Our approach to describing surfaces in \({{\mathbb {R}}}^3\) and their curvatures is through the geometry of the space of oriented lines of \({{\mathbb {R}}}^3\) and its submanifolds (Guilfoyle and Klingenberg 2004, 2005, 2010). In this we seek properties that do not generalize to higher dimensions, phenomena that only occur for surfaces in three dimensions.

Complex coordinates are useful as they allow one to more easily track winding numbers and count indices, and they have a special role in two dimensions. Most of what follows in this section can be found in the above cited papers and is summarized to fix notation and establish canonical relations.

Suppose now that S is a smooth surface in \({{\mathbb {R}}}^3\) with second fundamental form \(\Pi :TS\times TS\rightarrow {{\mathbb {R}}}\). On the convex parts of S there may be umbilic points, namely, points where the eigenvalues of \(\Pi \) are equal: \(\kappa _1=\kappa _2\). These are generically isolated. At every non-umbilic point the eigen-directions of \(\Pi \) form a pair of orthogonal lines, called the principal directions.

The principal directions determine the principal foliations on S, which have singularities at the umbilic points. For an isolated umbilic point \(p\in S\) there is a well-defined half-integer index determined by the principal foliation around p: \({\text{ Ind } }(p)\in {{\mathbb {Z}}}/2\).

In order to compute these, start with the space of oriented lines in \({{\mathbb {R}}}^3\), which is modeled by \(T{{\mathbb {S}}}^2\). Choosing holomorphic coordinates \(\xi \) about the North pole of \({\mathbb S}^2\), construct complex coordinates \((\xi ,\eta )\) on \(T{\mathbb S}^2\) by identifying these complex numbers with the tangent vector \(X\in T_\xi {{\mathbb {S}}}^2\) given by

$$\begin{aligned} X=\eta \frac{\partial }{\partial \xi }+\bar{\eta }\frac{\partial }{\partial \bar{\xi }}. \end{aligned}$$

Now given a parameterized surface S in \({{\mathbb {R}}}^3\) the oriented normal lines to S form a parameterized surface in \(T{{\mathbb {S}}}^2\). Let the complex variable \(\mu \) be the parameter on both S and its normal lines. That is, S has oriented normal lines \((\xi ,\eta )=(\xi (\mu ,\bar{\mu }), \eta (\mu ,\bar{\mu }))\), where \(\xi \) and \(\eta \) are functions of \(\mu \) and \(\bar{\mu }\).

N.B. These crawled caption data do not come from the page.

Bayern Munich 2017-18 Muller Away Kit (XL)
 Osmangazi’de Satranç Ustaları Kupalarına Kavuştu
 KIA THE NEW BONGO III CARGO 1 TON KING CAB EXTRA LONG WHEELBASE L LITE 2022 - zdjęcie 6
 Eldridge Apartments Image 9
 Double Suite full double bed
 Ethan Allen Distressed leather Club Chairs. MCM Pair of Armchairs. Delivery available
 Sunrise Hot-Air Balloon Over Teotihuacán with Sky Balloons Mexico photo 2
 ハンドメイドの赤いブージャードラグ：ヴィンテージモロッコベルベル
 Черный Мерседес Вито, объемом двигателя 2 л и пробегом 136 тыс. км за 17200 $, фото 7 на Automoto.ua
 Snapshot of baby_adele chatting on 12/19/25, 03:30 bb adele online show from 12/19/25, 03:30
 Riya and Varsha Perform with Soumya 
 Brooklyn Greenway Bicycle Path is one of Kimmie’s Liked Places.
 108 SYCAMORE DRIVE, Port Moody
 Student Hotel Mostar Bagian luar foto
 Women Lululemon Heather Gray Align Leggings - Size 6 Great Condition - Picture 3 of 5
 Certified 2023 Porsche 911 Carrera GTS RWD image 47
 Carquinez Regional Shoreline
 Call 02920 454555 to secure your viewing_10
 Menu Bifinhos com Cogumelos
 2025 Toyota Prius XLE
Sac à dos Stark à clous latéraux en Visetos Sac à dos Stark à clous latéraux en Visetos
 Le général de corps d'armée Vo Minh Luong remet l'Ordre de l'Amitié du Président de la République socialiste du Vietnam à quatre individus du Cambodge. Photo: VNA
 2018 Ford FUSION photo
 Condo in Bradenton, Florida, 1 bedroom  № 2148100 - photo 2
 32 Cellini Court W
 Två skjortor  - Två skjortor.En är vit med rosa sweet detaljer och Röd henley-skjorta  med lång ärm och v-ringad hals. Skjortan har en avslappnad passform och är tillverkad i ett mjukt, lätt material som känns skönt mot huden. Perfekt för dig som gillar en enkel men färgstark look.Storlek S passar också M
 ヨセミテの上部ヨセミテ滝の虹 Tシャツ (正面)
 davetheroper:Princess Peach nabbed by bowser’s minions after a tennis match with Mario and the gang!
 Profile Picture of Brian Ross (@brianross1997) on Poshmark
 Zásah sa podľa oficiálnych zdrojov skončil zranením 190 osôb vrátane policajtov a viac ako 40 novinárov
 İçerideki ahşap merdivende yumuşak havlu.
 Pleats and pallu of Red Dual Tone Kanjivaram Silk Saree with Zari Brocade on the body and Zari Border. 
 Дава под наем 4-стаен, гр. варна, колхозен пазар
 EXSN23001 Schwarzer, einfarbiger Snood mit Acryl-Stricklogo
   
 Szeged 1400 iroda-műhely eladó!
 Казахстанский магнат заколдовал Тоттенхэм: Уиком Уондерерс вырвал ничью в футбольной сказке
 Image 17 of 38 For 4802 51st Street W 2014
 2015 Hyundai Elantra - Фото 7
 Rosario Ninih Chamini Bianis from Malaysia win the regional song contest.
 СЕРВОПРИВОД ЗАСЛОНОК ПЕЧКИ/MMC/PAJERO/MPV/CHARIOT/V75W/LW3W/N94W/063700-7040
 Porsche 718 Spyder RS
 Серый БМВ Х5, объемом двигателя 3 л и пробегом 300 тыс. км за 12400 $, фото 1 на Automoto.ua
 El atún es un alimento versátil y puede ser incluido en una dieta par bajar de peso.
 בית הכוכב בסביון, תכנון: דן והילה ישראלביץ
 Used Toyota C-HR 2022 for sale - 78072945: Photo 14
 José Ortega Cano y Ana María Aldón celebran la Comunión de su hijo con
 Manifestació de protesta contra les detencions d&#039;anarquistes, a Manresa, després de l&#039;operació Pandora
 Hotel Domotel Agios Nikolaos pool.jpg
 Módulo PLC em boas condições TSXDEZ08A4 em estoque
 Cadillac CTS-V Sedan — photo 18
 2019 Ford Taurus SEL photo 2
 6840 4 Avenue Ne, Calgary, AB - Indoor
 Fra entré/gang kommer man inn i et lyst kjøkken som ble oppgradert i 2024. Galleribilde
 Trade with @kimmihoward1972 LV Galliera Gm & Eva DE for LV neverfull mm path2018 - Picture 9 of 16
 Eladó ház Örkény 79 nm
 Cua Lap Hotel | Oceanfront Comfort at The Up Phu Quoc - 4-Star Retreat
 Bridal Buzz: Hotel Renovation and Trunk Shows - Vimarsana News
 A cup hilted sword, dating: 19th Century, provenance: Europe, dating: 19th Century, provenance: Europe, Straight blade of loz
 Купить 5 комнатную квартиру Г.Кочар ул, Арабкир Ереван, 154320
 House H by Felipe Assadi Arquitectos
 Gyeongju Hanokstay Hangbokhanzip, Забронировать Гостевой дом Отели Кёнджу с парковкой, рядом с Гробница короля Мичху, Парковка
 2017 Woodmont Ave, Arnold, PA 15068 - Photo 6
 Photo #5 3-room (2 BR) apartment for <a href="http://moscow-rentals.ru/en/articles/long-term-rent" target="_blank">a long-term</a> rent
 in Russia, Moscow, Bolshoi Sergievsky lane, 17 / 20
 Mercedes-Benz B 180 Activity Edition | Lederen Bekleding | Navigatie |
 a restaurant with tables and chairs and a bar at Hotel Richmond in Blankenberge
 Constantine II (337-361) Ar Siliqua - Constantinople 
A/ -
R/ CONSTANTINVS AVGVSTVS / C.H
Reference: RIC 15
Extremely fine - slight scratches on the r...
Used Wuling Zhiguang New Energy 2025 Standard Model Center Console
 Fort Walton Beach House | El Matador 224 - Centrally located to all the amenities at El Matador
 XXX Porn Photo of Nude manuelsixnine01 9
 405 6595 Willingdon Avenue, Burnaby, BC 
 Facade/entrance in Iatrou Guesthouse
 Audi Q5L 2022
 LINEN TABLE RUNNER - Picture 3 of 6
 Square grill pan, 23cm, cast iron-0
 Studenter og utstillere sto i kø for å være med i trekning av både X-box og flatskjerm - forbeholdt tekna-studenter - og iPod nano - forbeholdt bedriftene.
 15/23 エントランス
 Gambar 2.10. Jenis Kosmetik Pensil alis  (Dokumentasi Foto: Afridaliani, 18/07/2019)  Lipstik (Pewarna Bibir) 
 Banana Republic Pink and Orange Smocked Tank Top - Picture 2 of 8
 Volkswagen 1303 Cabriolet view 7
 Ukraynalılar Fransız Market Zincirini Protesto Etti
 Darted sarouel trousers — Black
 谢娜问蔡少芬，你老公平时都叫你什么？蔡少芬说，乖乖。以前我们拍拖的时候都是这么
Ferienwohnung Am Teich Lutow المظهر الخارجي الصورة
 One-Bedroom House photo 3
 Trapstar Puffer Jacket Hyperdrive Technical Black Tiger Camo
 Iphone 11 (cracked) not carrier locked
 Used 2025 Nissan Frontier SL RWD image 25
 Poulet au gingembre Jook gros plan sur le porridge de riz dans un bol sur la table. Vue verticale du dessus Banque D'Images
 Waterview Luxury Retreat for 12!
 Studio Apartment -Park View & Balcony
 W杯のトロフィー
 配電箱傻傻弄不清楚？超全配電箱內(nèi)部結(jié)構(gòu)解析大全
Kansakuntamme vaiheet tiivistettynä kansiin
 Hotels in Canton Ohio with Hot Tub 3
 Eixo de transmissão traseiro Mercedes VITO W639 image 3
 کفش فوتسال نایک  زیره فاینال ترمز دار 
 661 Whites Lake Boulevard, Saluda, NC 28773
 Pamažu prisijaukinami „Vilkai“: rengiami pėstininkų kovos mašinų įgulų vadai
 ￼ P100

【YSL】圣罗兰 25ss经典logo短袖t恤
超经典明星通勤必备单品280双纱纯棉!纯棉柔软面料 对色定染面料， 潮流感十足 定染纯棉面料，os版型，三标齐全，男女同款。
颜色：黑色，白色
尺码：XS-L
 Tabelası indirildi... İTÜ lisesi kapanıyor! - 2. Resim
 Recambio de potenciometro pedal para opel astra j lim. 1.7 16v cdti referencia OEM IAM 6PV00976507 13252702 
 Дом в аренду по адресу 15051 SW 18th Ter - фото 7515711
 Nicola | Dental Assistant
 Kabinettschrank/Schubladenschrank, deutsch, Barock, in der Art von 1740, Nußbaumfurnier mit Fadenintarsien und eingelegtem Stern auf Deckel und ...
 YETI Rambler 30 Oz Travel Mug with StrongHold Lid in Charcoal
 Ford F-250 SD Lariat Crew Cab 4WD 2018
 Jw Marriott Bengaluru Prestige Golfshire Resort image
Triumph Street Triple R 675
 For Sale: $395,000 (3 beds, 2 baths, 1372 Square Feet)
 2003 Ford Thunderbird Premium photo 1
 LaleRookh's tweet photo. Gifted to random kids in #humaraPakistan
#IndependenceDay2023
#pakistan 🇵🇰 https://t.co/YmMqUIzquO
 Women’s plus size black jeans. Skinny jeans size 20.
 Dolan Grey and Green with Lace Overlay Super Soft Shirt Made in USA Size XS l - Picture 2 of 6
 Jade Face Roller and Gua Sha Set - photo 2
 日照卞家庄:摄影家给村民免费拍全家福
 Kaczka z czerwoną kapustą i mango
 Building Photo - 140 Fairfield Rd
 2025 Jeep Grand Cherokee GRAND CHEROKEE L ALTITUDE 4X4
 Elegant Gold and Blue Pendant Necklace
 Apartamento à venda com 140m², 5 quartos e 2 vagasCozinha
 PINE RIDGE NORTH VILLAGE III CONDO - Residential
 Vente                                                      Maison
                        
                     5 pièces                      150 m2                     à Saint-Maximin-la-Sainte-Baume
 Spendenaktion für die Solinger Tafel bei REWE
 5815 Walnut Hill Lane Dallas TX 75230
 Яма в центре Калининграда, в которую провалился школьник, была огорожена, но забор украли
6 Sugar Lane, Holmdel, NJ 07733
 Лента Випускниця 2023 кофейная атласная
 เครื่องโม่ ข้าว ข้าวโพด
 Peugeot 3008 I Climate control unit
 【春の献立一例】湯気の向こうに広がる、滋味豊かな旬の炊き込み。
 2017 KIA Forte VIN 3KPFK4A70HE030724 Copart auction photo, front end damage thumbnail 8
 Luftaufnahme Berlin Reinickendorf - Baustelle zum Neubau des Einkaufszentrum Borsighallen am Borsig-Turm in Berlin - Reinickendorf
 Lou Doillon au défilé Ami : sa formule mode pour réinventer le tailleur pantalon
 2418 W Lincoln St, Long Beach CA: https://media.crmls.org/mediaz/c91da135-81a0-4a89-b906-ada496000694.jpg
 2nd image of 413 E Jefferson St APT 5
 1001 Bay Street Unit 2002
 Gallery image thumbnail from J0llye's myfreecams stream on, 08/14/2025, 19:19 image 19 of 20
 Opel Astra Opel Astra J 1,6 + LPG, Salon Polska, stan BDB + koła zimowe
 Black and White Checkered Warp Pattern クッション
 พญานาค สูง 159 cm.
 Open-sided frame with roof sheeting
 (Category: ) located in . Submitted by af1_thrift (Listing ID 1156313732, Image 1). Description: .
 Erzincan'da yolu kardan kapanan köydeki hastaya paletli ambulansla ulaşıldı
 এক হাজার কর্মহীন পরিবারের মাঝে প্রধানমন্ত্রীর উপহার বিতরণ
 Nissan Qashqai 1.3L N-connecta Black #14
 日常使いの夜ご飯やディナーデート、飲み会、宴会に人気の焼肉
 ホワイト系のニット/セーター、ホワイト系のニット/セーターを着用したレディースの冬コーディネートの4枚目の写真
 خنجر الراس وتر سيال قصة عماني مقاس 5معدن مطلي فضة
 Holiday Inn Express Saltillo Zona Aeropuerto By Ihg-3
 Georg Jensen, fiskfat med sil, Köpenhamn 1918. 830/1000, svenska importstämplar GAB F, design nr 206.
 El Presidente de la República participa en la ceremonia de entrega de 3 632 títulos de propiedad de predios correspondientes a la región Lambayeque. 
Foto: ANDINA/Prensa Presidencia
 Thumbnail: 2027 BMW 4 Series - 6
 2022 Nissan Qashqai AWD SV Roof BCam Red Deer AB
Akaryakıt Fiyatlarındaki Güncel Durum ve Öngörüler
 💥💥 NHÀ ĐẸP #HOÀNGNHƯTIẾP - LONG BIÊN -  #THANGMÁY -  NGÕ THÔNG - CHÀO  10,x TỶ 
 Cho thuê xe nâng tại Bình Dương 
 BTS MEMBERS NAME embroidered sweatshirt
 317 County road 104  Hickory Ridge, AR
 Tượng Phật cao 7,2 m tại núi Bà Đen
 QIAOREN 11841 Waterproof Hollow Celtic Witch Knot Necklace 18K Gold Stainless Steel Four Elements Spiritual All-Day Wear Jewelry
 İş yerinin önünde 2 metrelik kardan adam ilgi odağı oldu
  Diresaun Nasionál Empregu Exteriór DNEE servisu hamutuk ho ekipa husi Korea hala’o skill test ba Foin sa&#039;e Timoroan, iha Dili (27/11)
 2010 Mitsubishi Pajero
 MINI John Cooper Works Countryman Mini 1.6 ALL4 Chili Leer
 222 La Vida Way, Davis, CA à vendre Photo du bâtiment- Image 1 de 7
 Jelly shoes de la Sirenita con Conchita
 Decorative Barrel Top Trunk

To compute the second fundamental form explicitly in terms of the derivatives of \(\xi \) and \(\eta \), choose an orthonormal frame \(\{e_0,e_1,e_2\}\) along S in \({{\mathbb {R}}}^3\) adapted to the surface S in that \(e_0\) is normal to S while \(e_1\) and \(e_2\) are tangent. Clearly this is only well-defined up to a rotation about the normal, which, if we introduce complex frames

$$\begin{aligned} e_+={\textstyle {\frac{1}{\sqrt{2}}}}\left( e_1+ie_2\right) \qquad \qquad e_-={\textstyle {\frac{1}{\sqrt{2}}}}\left( e_1-ie_2\right) , \end{aligned}$$

is given by \((e_+,e_-)\rightarrow (e^{i\theta }e_+,e^{-i\theta }e_-)\). Define the complex quantities

$$\begin{aligned} \sigma ={ \text{ II }}(e_+,e_+) \qquad \qquad \rho ={ \text{ II }}(e_+,e_-) , \end{aligned}$$
(3)

where \(\sigma \) is complex valued and \(\rho \) is real.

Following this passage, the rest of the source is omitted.